The closest attempt I got was (?sm)(my_folder\/.*?.xml)(?=.*\1) which gets all the duplicates but I want the opposite, so I tried doing a negative lookahead instead (?sm)(my_folder\/.*?.xml)(?!.*\1) but the capture groups are totally wrong.

What am I missing here in my regex? Here's link to the regex: https://regex101.com/r/ggY2RB/1

sudomodo
  • 51
  • 2
  • 2
    Welcome to SO! Good question, although such a task might be better done with `uniq` or another utility. Would you be open to non-regex solutions? – ggorlen Apr 12 '19 at 01:20
  • Thanks for your suggestion! Unfortunately this is done in java so I can’t do that. I’ve updated the tags to reflect this. I was just wondering if there’s a solution using regex only. Otherwise I can just grab all file names and throw them in a Set – sudomodo Apr 12 '19 at 01:43
  • 3
    If you're using Java, just use a `HashSet`. I bet it's faster than regex. – ggorlen Apr 12 '19 at 01:45

2 Answers2

1

This RegEx might help you to find the unique strings that you might be looking for:

/(\w+\/\w+\.xml)(?![\s\S]*\1)/s

enter image description here

If you only wish to match my_folder, you might try this:

 /(\my_folder\/\w+\.xml)(?![\s\S]*\1)/s

enter image description here

Emma
  • 27,428
  • 11
  • 44
  • 69
1

Instead of using a positive lookahead (?=, to get the unique strings you could use a negative lookahead (?! to assert what is on the right is not what you have captured in group 1.

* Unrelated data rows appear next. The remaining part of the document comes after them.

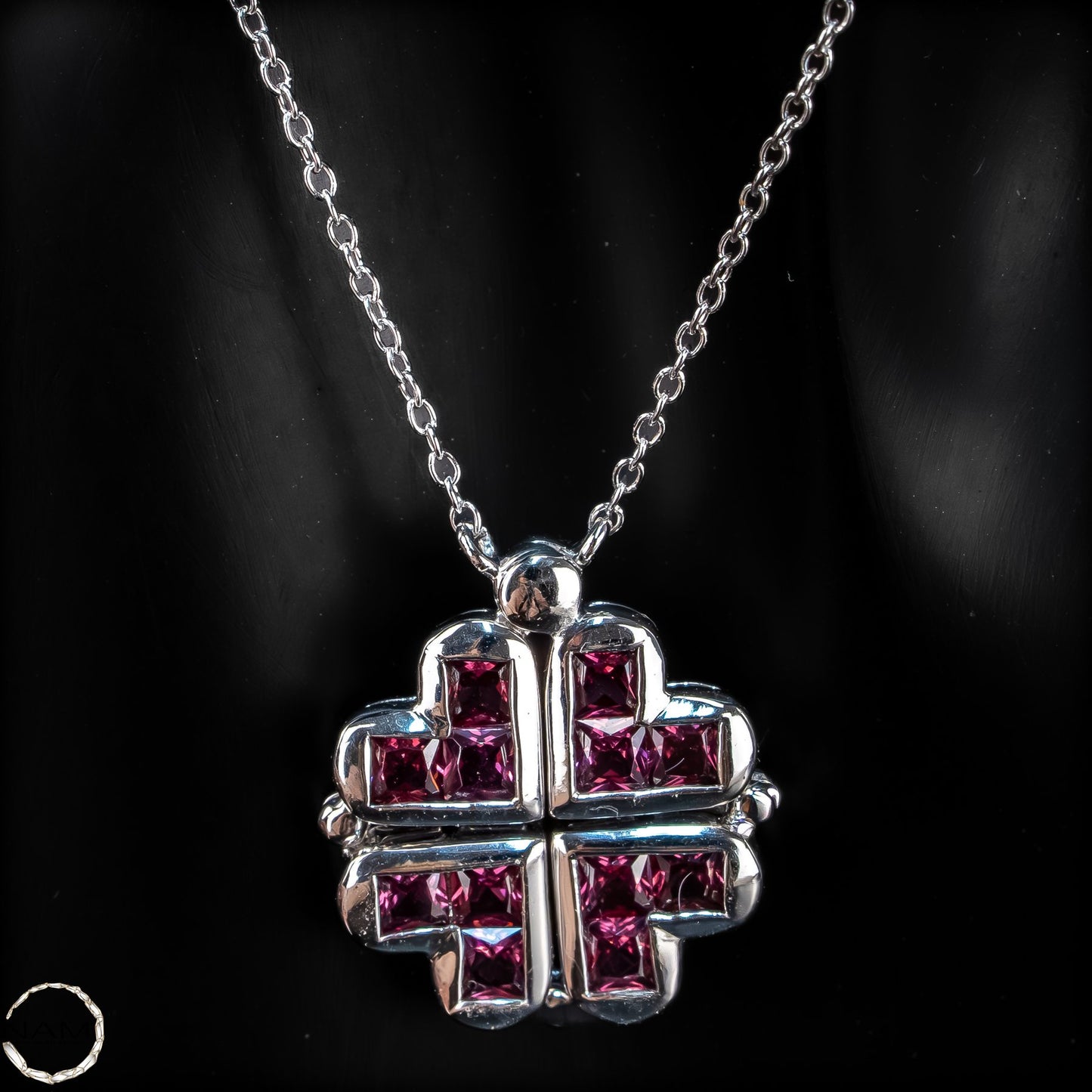 Ausdrucksstarke Rubin-Kette – zeitlose Eleganz mit Charakter -6,03g  - 30,15ct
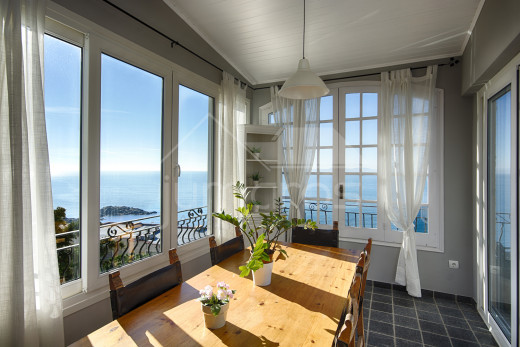 5 chambres, 260m2, emplacement idéal, vue mer, proche plage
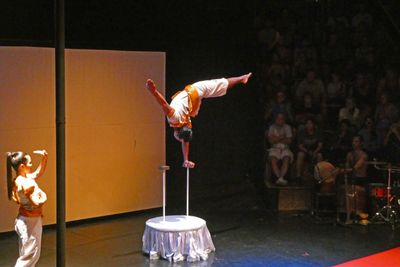 Phare Ponleu Selpak student acrobats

In your pattern you are using making the dot match a newline using (?s)and use a non greedy dot start .*? but you might also use a negated character class matching not a newline or a forward slash.

If the folder can also contain nested folders, you might use a pattern that repeats 0+ times 1+ whitespace chars followed by a forward slash.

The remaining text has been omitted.